Why Galleria Objets Screens Films: Visual Art and the Moving Image

by Mira Moiseyev

Galleria Objets is not a cinema. That is precisely why we screen films.

At first glance, it may seem unclear why film, traditionally experienced in the black box theatre, finds a place within a gallery aligned closer with white cube tradition. This February we hosted film-related events with collectives such as Young Filmmakers Society and Frame by Frame Cinema, both dedicated to bringing people together around the shared experience of watching moving images. 

But why at the gallery? 

True to its name, Galleria Objets primarily hosts static art objects; painting and sculpture traditionally structure the space. The gallery walls express a spatial logic in which works are positioned in relation to one another, and viewers move through a carefully curated field. 


What space is to art, time is to cinema.

Time, as the defining condition of film, was articulated by theorists such as Sergei Eisenstein and André Bazin, who debated whether cinema’s essence lay in montage or realism. Eisenstein understood film as the structuring of time through collision. Bazin emphasised the camera’s indexical bond with the world. Both positions share a central claim that cinema is not merely entertainment but an art of organising time. It is no coincidence that many films take temporality as their subject, just as so much visual art thematises space.

Screening film in the gallery brings the black box and white cube into dialogue. When we screen a film in this context, we introduce temporal structure into a spatially governed environment. The gallery, usually associated with circulation and movement between works, shifts into a different mode altering the habitual bodily relation to the gallery. This encounter reveals that space and time are not easily separable. On a Kantian view, they are the necessary conditions of experience. Without space and time as a priori forms, perception could not cohere into meaningful experience.

Beyond this spatial and temporal relation, cinema and visual art share an economy of attention. Both ask the viewer to enter, pause, and consider how visual information operates within conceptual relations.

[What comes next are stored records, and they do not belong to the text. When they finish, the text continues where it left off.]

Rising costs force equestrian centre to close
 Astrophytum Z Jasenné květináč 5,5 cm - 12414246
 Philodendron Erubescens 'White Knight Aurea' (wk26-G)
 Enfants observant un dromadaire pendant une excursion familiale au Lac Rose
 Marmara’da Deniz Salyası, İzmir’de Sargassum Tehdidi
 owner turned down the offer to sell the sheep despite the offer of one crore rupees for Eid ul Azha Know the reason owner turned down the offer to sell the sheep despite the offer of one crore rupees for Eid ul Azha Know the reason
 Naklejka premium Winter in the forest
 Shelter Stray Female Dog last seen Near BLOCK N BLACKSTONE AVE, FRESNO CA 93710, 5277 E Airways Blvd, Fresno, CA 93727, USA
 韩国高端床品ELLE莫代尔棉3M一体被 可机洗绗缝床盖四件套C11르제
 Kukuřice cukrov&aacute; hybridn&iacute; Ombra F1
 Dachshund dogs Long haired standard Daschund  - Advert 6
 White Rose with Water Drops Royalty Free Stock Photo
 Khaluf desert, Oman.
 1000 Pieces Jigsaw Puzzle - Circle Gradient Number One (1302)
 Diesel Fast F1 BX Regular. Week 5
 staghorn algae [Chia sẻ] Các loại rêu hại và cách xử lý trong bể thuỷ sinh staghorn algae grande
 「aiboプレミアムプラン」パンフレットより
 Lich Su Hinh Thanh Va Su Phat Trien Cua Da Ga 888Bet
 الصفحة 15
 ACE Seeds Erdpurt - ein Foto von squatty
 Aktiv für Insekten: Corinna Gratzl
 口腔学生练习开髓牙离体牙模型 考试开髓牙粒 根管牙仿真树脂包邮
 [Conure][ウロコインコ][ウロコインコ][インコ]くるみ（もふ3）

Context shapes perception.

From a broader historical perspective, one might recall Hegel, who understood art as an evolving expression of collective spirit shaped by its historical moment. Where the nineteenth century located its highest artistic form in painting, the twentieth arguably found it in the moving image. To screen films in the gallery acknowledges that artistic media evolve alongside cultural consciousness. Contemporary visual culture is shaped by moving images that circulate constantly across laptops and phones, scaled down and consumed in distraction. Projecting film in the gallery restores lost notions of scale, duration, and collective presence. Thereby, film screenings acknowledge the centrality of the moving image in our cultural moment while resisting its reduction to short-form consumption. 


There is also an institutional dimension.

As commercial film distribution narrows around profitability, galleries increasingly provide space for non-commercial and experimental moving image practices. This affinity between cinema and the gallery is not incidental. Consider The Colour of Pomegranates by Sergei Parajanov: its tableaux unfold less as conventional narrative than as a sequence of composed images, each frame operating with the stillness and symbolic density of painting. Or the immersive video environments of Pipilotti Rist, where projected moving images spill across walls and ceilings, dissolving the boundary between cinematic projection and installation art. In such works, film already inhabits the spatial and conceptual logic of the gallery.

Accordingly, our screenings are curated with attention to placement, atmosphere, and dialogue with surrounding works, so that the moving image becomes part of the gallery’s spatial composition rather than an interruption of it.